In [1]:
import drms
import pandas as pd



2024-09-26 20:12:22 - numexpr.utils - INFO: NumExpr defaulting to 8 threads.


The code below that obtains metadata is based on (1), which documents the `drms` package.

- (1) https://docs.sunpy.org/projects/drms/en/stable/
 
Some other useful references are listed below. (2) has several code examples. (3) has lots of information about the data produced by the Solar Dynamics Observatory (SDO), how it is organized, how to access it, and how to process it. Section 4.2.2 ("Selecting Records") of (3) explains how to construct the queries that are used below. (4) has general information about the SHARP parameters; (5) gives the meanings of the bits of the QUALITY keyword. (6) and (7) are papers on the pipeline that creates data from the SDO's Helioseismic and Magnetic Imager (HMI), including the SHARP parameter data.

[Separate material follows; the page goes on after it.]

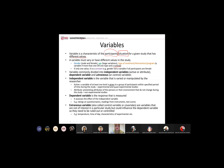If something only has one value, it is a constant, not a variable. For example, if gender has both male and female it's a variable, but if your participants are only female then gender is a constant. Understanding the meaning of a variable is quite important when designing your study, because you have to identify what your variables are.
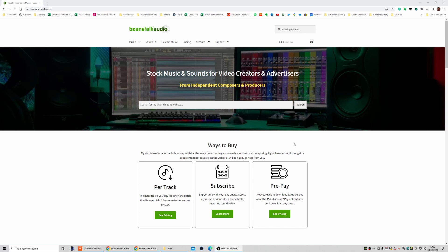So with the checkout, it gives you a discount the more tracks you add. If you add 12 tracks, you get a 45% discount. But you might not want to download 12 tracks all in one go.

- (2) https://github.com/sunpy/drms/tree/main/examples
- (3) https://www.lmsal.com/sdodocs/doc/dcur/SDOD0060.zip/zip/entry/
- (4) http://jsoc.stanford.edu/doc/data/hmi/sharp/sharp.htm
- (5) http://jsoc.stanford.edu/jsocwiki/Lev1qualBits
- (6) https://doi.org/10.1007/s11207-014-0529-3
- (7) https://doi.org/10.1007/s11207-014-0516-8

In [2]:
cli = drms.Client()

There are several SHARP parameter series; `cea` series correct for the distortion that occurs when representing the 3D Sun in 2D, `dconS` series correct for scattered light, and `nrt` series contain near-real time data. We use `cea` series on the suggestion of Ward Manchester. For purposes of comparison, we also use `nrt` data; use of definitive data is recommended on page 3565 of (6). All available data series can be viewed using the `series()` method, which lists data series matching a given regular expression. For example, we can display all the SHARP parameter data series:

In [3]:
cli.series(regex="hmi\\.sharp")

['hmi.sharp_720s',
 'hmi.sharp_720s_dconS',
 'hmi.sharp_720s_nrt',
 'hmi.sharp_cea_720s',
 'hmi.sharp_cea_720s_dconS',
 'hmi.sharp_cea_720s_nrt']

The `info()` method of the `Client` class creates an object with information about a data series. For example, we can verify that the primary keys of the series are `HARPNUM` and `T_REC` as follows:

In [4]:
cli.info("hmi.sharp_cea_720s").primekeys

['HARPNUM', 'T_REC']

We next get all the keywords, their descriptions, and their data types for the definitive and `nrt` `cea` series:

In [5]:
keywords_cea = cli.info("hmi.sharp_cea_720s").keywords
keywords_cea_nrt = cli.info("hmi.sharp_cea_720s_nrt").keywords

In both data frames, each entry in the `linkinfo` column is `None`.

In [6]:
print(
    keywords_cea["linkinfo"].apply(lambda x: x is None).all(),
    keywords_cea_nrt["linkinfo"].apply(lambda x: x is None).all()
)

True True


Get rid of the `linkinfo` columns.

In [7]:
keywords_cea.drop("linkinfo", axis=1, inplace=True)
keywords_cea_nrt.drop("linkinfo", axis=1, inplace=True)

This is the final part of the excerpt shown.